Paule Emma A. n’a pas non plus d’éléments matériels probants pouvant attester d’un viol présumé à part la date du 9 octobre 2009 où les deux protagonistes se sont vus. Mais là aussi, des éléments viennent faire tomber à l’eau la plainte. En premier lieu, si l’enquête n’a amené aucun élément étayant l’hypothèse du viol, elle a néanmoins permis de démontrer qu’aucun des témoins cités par Paule Emma A., du réceptionniste à la femme de chambre en passant par les policiers qui aurait ri lorsqu’elle aurait voulu déposé plainte, n’ont pu valider sa version. Pour une raison bien simple, les enquêteurs n’ont retrouvé aucune de ces personnes citées par Paule Emma A. Les conducteurs de bus par contre ont été retrouvé : aucun d’eux ne se souvient d’elle.

L’étrange dialogue qu’elle a eu avec son amie, Denise - qui parle d’un « plan » pour faire « tomber politiquement » Tariq Ramadan - et les preuves qui permettent à présent d’affirmer que Paule Emma A. connaissait Henda Ayari depuis 2012, la plaignante de Suisse R.B. depuis 2009 et Majda Bernoussie depuis 2010 renforcent les soupçons de collusions. L’enquête a aussi permis de confirmer que Paule Emma A. était en contact avec Caroline Fourest, le magistrat Michel Debacq, Alain Soral, Antoine Sfeir et Jean-Claude Elfassi, des détracteurs de Tariq Ramadan, bien avant sa plainte.
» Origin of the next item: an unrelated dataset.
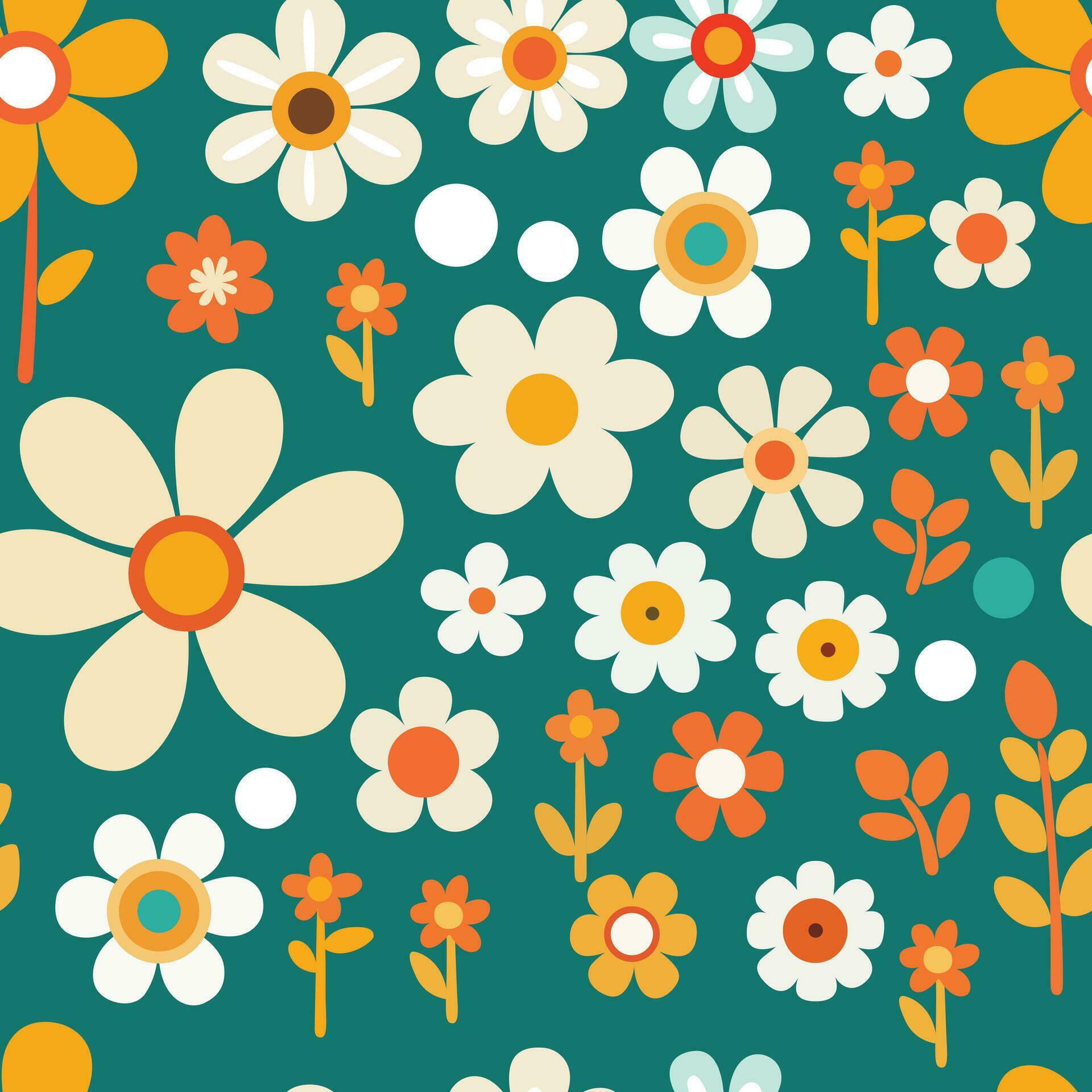 Flowers seamless pattern, vector template Stock Free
Mounia Rabbouj, la troisième plaignante, déjà condamnée pour escroquerie, a ouvertement exprimé une rupture entre elle et son ancien avocat Me Szpiner. En effet Mounia Rabbouj a pointé du doigt le manque de transparence de l’avocat. Elle a aussi exprimé sa volonté de ne plus associer son nom à celui de Henda Ayari. Mounia Rabbouj témoigne aussi du caractère « trouble » de Henda Ayari sur les réseaux sociaux : « C’est une mythomane », dit-elle à plusieurs reprises.


Les minorités exposées au système judiciaire français


Cela fait donc six mois que l’enquête dure et qu’aucune preuve probante n’a pu attester des accusations de viol. Au contraire. Les nouveaux éléments impliquent clairement des collusions entre les accusatrices, notamment Henda Ayari et Paule Emma, qui se connaissent depuis 2012 et ont cherché à le cacher aux enquêteurs lors des premières auditions. La particularité du dossier Tariq Ramadan réside dans le fait qu’à aucun moment, le passif psychologique, pénal et idéologique des plaignantes n’a été vérifié avant que la mise en examen et la détention provisoire ne soient décidées. C’est l’enquête de la brigade criminelle qui, petit à petit, révèle les éléments à décharge pour le professeur.
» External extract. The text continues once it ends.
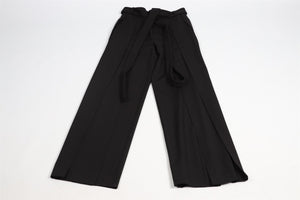 SAINT LAURENT BLACK WOOL WIDE LEG PANTS FR 34 UK 6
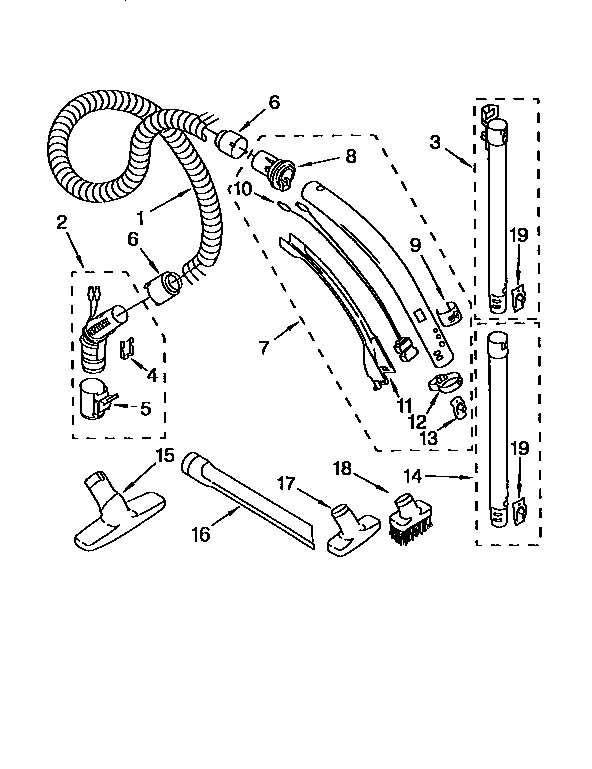 Kenmore 11626112690 hose and attachment diagram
La prudence et la justice française imposent aux magistrats une posture neutre qui protège tous les protagonistes d’un dossier. M. Darmanin, M. Hulot, M. Collard ou encore M. Besson, sous le joug du même type de plainte, ne sont pas en détention provisoire. Il y a le temps de la justice et le temps de l’enquête. C’est une norme judiciaire que la société française impose pour garantir l’intégrité de tout citoyen. Mais Tariq Ramadan, lui, n’a eu aucune protection et a été exposé à un système judiciaire qui n’a pas pris en compte « les faits », mais « des accusations », sans aucune précaution ni vérification comme cela est fait habituellement dans ce type de dossier. Il y a une volonté manifeste de le garder en détention et ce, malgré une santé déclinante, malgré le manque de preuves matérielles. Malgré une enquête de six mois qui n’a ramené aucune preuve à charge contre lui.
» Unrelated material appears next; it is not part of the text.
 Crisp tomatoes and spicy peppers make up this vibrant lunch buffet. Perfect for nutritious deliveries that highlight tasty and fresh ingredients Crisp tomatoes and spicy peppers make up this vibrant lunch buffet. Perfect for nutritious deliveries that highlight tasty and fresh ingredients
Musulman, de nationalité suisse, Tariq Ramadan est-il victime du fait de représenter une des minorités les plus exposées en France dans ces temps de xénophobie ambiante ? D’après une source proche du dossier, au sein même de la magistrature, certains se questionnent sur « le traitement judiciaire » d’exception que vit actuellement l’intellectuel.